When the pandemic started we were on tour in Europe and we never could come over to America for the last album. 2019 for Born To Perish. So this tour is basically a tour for two albums now for the new album of course and also Born To Perish and the last time we were in America was 2017. It’s been five years since we’ve been in the States.And of course the best of set list of all the history of Destruction and of course some of the great new tunes and this was the first time that America saw us with two guitarists, actually the last time we played with two guitars in America was in 1988 I think on the tour with the Cro Mags back in the day since then we were always a three piece. So this is a mark to the remarkable situation that we have two guitars again which actually pushes the band to much heavier life And I think the four piece is really great.
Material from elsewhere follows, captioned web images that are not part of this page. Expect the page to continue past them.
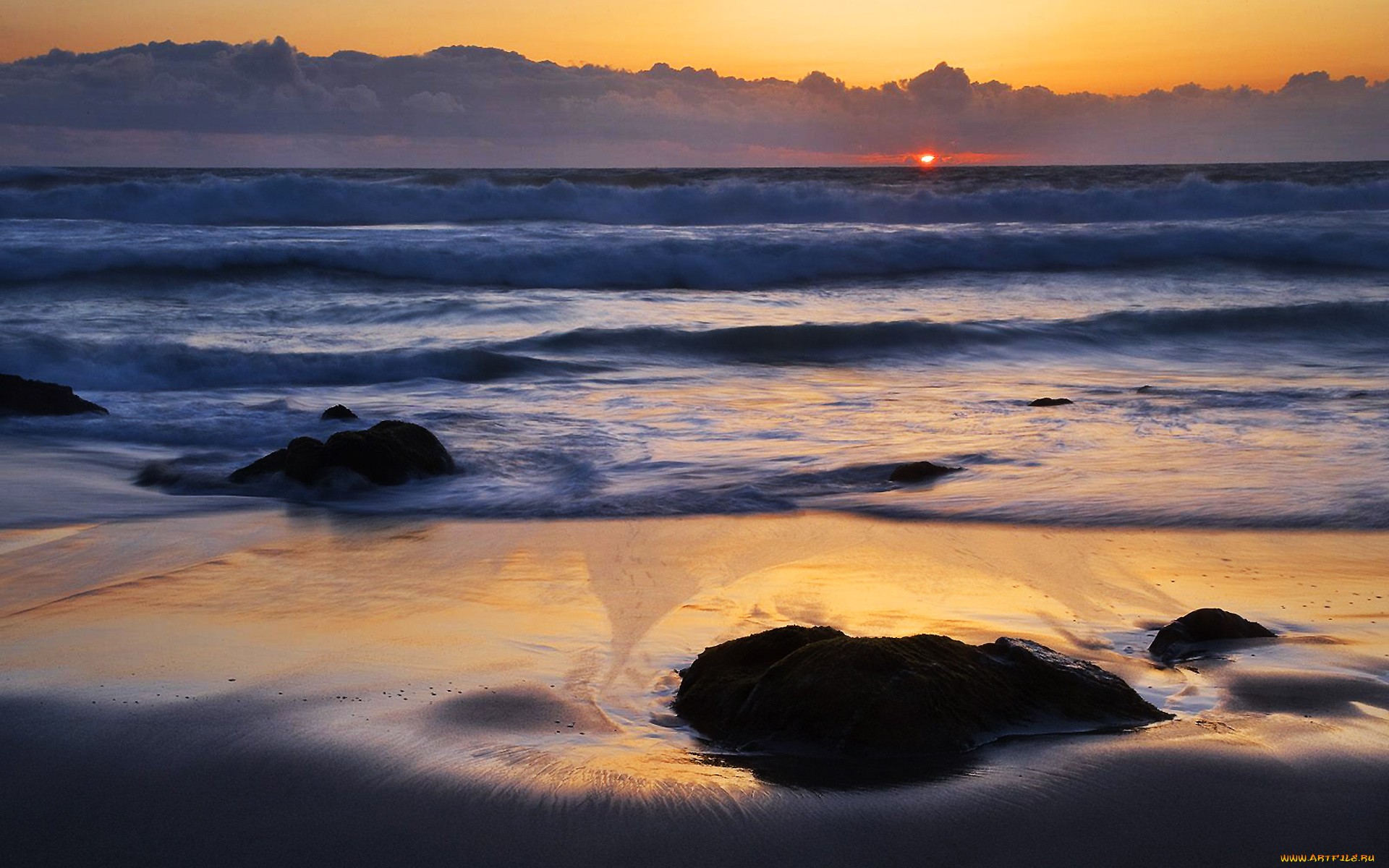 mcclures, beach, point, reyes, national, seashore, california, природа, восходы, закаты, волны, тучи, горизонт, солнце, пляж, океан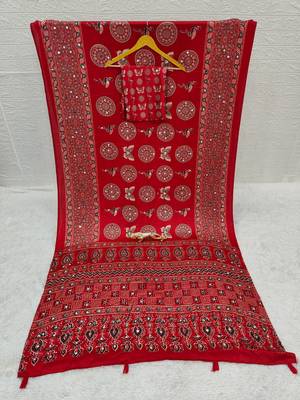Red Mirror Work Satin Saree 5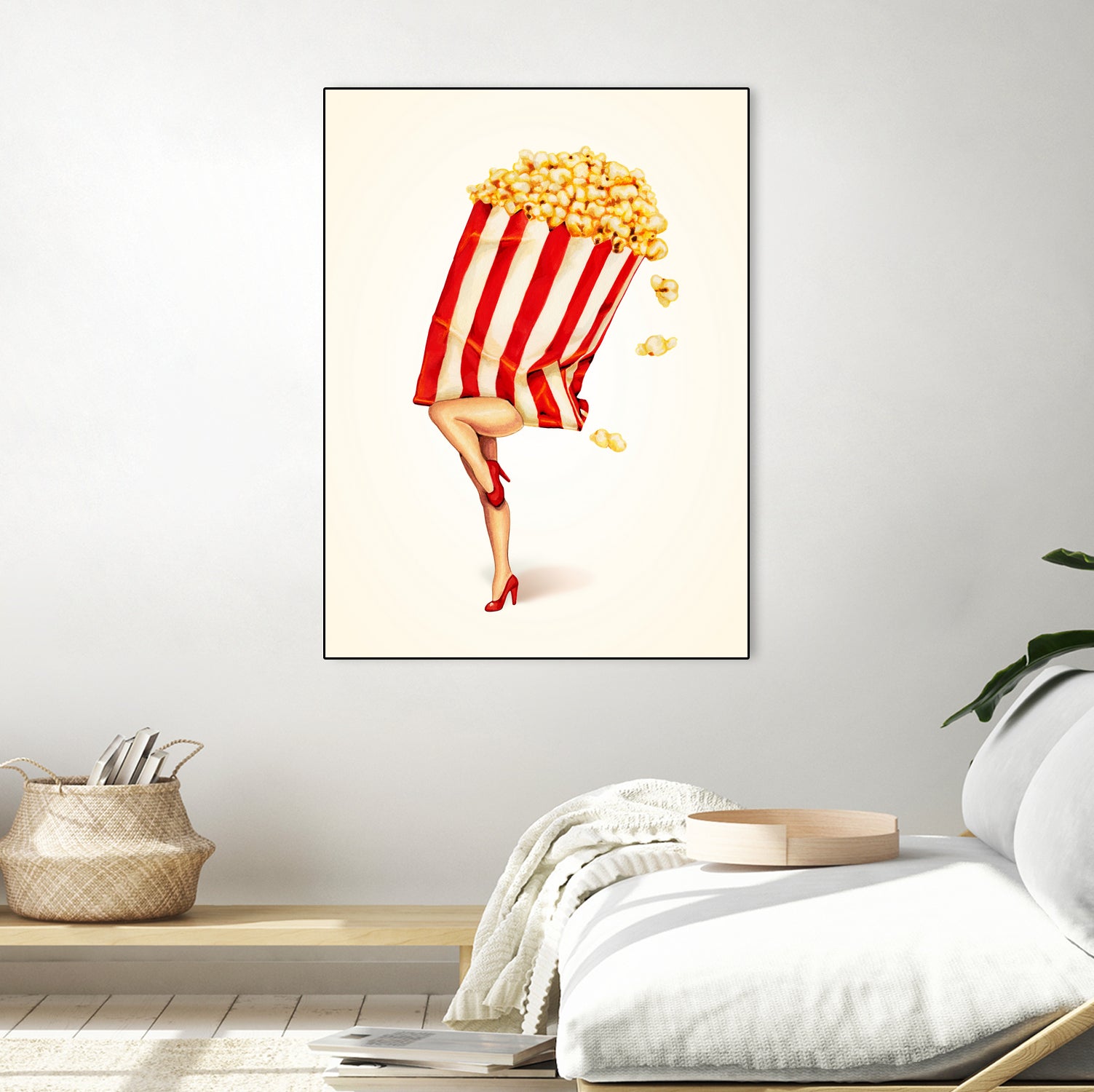 Popcorn Girl by Kelly Gilleran on GIANT ART - white mixed media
With two guitarists again and also playing some of the songs that we couldn’t play for a long time and it really sounds massive now.
Is there anything else you want to say or add about the new album?
I hope the fans will give it a chance to listen to new tracks and all. I know it’s been a crazy year with the pandemic and the lineup changes and changing the label and stuff, but we worked hard for this record and I can assure you 100% sounds like Destruction at its best. We added all the little extras, double harmonies solos, twin leads and locked guitar duels. So the album is full of guitars and that’s the way a metal should be. And thrash metal I think so give it a chance, give it a spin.